Task Requirements

A number between 0 and 1,000,000 and k that is smaller than the first number is given. When k amount of digit is removed, return the highest possible number.

My Attemps for Solution

No.1) Using Combination

On first thought, I wasn’t aware of how big the number could be, and came up with the idea to find all possiblities and to compare these to find the maximum value.

function solution(number, k) {
    let numbers = number.split('');
    let n = numbers.length;
    let indexArray = []]
    for(let i = 0; i < n; i++) {
        indexArray.push(i)
    };

    let max = 0;
    
    const combination = (array, target, n, r, count) => {
        if(r == 0) {
            let temp = numbers.slice();
            for(let i = 0, m = k; i < k; i++){
                temp.splice(target[i] - i, 1)
            }
            let current = temp.join('');
            max = (current > max) ? current : max
        } else if(n == 0 || n < r) return;
        else {
            combination(array, Object.assign([], target), n - 1, r, count + 1);
            target.push(array[count]);
            combination(array, Object.assign([], target), n - 1, r - 1, count + 1);
        }
    }
    
    combination(indexArray, [], n, k, 0)
    
    return max;
}

It worked well with the test cases, the longest of which was only 10 digits long. When submitted, it only worked with a few cases, and the rest was either timed out or returned Runtime Error. Through this experience, I learned that if recursion happens to many times, it causes runtime error.

No.2) Slicing the Number String

While struggling I came across a few discoveries, one of which was that the numbers that needs to be removed are those that are smaller than the follwing number. Using Loop, whenever the above case was encountered, the loop breaks, while creating a new number using slice to slice all the numbers before and after the removed number. However, this code still wasn’t efficient enough for certain cases.

No.3) Using Index and String Concatenation

With the help of the Q&A section, I came across a totally different approach, which is getting the largest value digit by digit.
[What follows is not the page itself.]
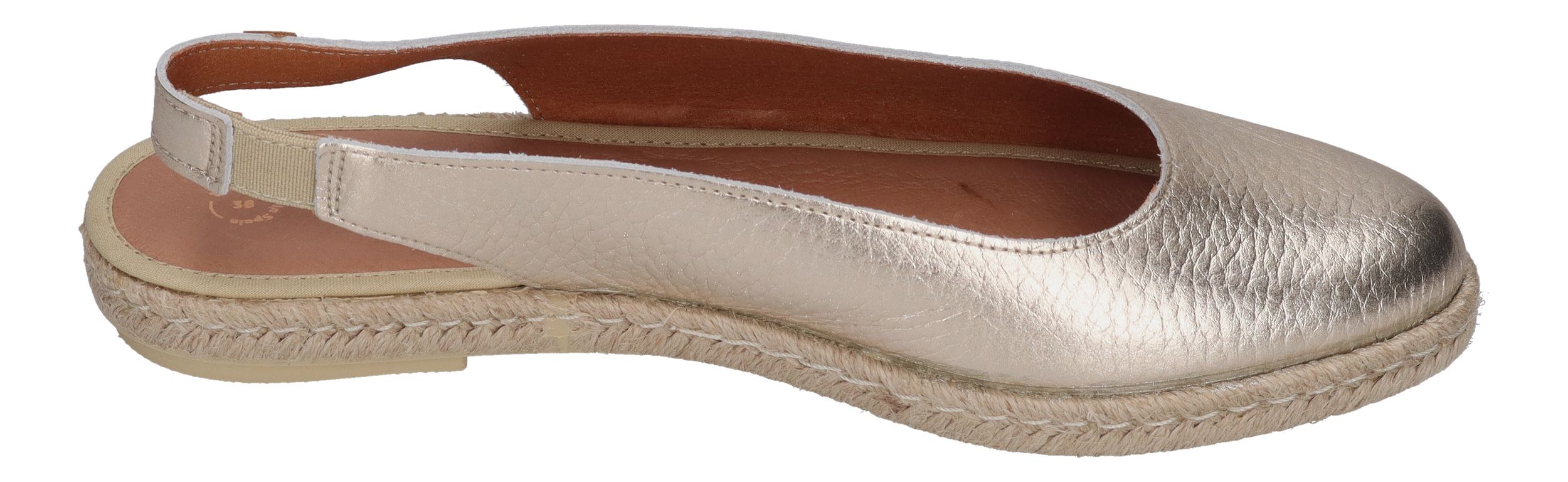 VERBENAS Damenschuhe Espadrilles KIARA nucleo metal - oro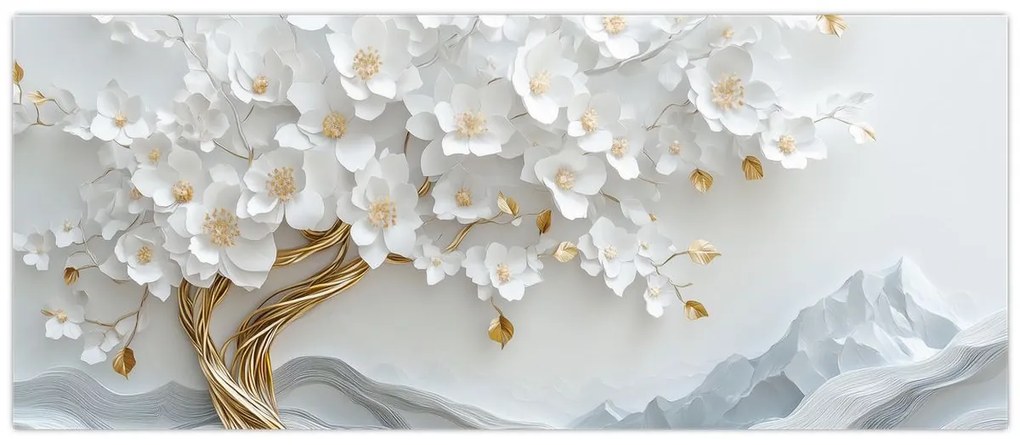 Kép – 3D elegáns életfa (120x50 cm)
This is put in another word, a totally reversed approach.

The Logic

When selecting the largest number for each digit, what matters the most is leaving the minimum amount of numbers as it is, and selecting the largest from the rest of the numbers. Starting from the very beginning of the number we want to create, we select the largest number from the number set to take the place. However, this value cannot be in the index, where when this is selected, the numbers behind it does not suffice to fill the neccessary digits. Therefore, when one tries to create a 6 digit number from a originally 10 digit number, the first digit needs to be selected from the first five numbers. This is than done the same for all the digits.

Code

function solution(number, k) {
    let answer = '';
    let digits = number.length - k;
    let target = 0;

    let src_start = 0;
    let src_end =  number.length - digits + 1;

    while(answer.length != digits) {
        target = 0;

        for (let i = src_start; i < src_end; i++) {
            if (number[i] == 9) {
                target = 9;
                src_start = i + 1
                break;
            }
            if(number[i] > target){
                target = number[i];
                src_start = i + 1;
            }
        }

        answer += target;
        src_end++;
    }

Explanation

In order to restrict the source of numbers, from which to select from, I used the start and end variables. Until the answer string is long as the desired digits, the loop is repeated. In this loop, from the restricted pool, an maximum number is selected. If the indicator encounters 9, which is the largest number possible, the loop stops (Optimization). When the largest number is selected, the starting index for the source pool is assigned as index of the number plus one. The end index is pushed one, since a digit is selected, and therefore one less digit is needed.